The ETL process will be used to extract historical F1 data from Jolpica and store that in our database. We could also use it for current data where expensive computations are required.
This will reduce the load on our API and Jolpica and make the system more efficient.
Motivation
What does it solve:
- Removes the reliance on only a cache for F1 data and instead store it in a more durable and scalable way using a database.
- Allows us to compute metrics and store the calculations for use later on, reducing overhead on the API,
- Also allowing us to use a more durable store for data from previous seasons like driver standings, results etc. Things that will not change. Significantly reducing the amount of load we create for Jolpica.
- Provides a historical data store for analytics.
Who benefits:
- The users of the API will see faster response times and a more reliable service.
- We will see a reduction in the load on Jolpica (and giving them less to worry about) allowing us to also use our rate limit more efficiently for when we need it.
Detailed Description
Technical Details
Stack
We will use python to create the ETL process due to its ease of use and modularity.
We will combine this with:
typer
to create a CLI for the ETL process.fastapi
available to expose a REST API for the ETL process.
This will allow us to have a flexible and scalable ETL process that can be used in a variety of ways, lets explore some of the ways this is useful
- Great local development experience, we can just run the CLI to quickly populate our local database for development for whatever functionality we are testing.
- The CLI allows us to have an easy fallback to manually populate the production database if needed.
- The REST API will allow us to have a flexible way to populate the database for whatever data we need and make it easy to access from anywhere removing the need to have a local CLI always available.
Some other dependencies that could likely be used:
SQLModel
pydantic
Typer, FastAPI and SQLModel are all developed by @tiangolo and are all published under FastAPI's organization and have impressive compatibility with each other.
Pydantic is the a standard for many frameworks for APIs and therefore is great addition, also FastAPI is built with Pydantic as a core dependency.
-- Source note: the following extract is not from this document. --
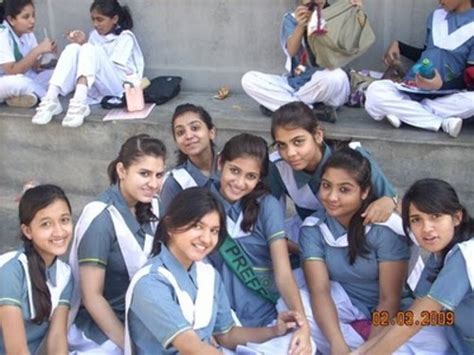 Karachi School College And University Local Girls Nice Photos Pakistan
We will likely need to use something like alembic
to create migrations for the database.
Structuring
Important to note here is that this will take a careful structuring in the source code to ensure that we can easily use functionality from the codebase in the CLI and API. This just means that things like typer and fastapi will be used to wrap the functionality of the codebase and is simply just exposing the functionality of the codebase to the CLI and API which is anyways a good design principle.
Database Design
NOTE: There is one thing that was missed here and that is that we will likely store Qualifying, Sprint and Sprint Qualifying data in a seperate table than the session table. This way we can continue the result table trend and create new tables that link to sprint/sprint qualifying/qualifying session tables. Session tables can probably be more accurately named as practice session table.
Implementation plan
Here is a very rough draft implementation plan:
- Create a very basic
hello world
application using typer and fastapi to get a good initial structure in place. - Create commands/endpoints for the following (NOTE that some of these steps could likely be broken down further as there will be multiple tables that can be created from the data):
- Fetching and storing races data.
- Fetching and storing constructor data.
- Fetching and storing driver data.
- Fetching and storing results data.
- Allow for different configurations to be saved to the device (to allow easy switching between local/production)
- Consume the DB that this ETL process creates from the official Lyzer API.
Continue using ETL process to create new features and data that we want to store in the DB.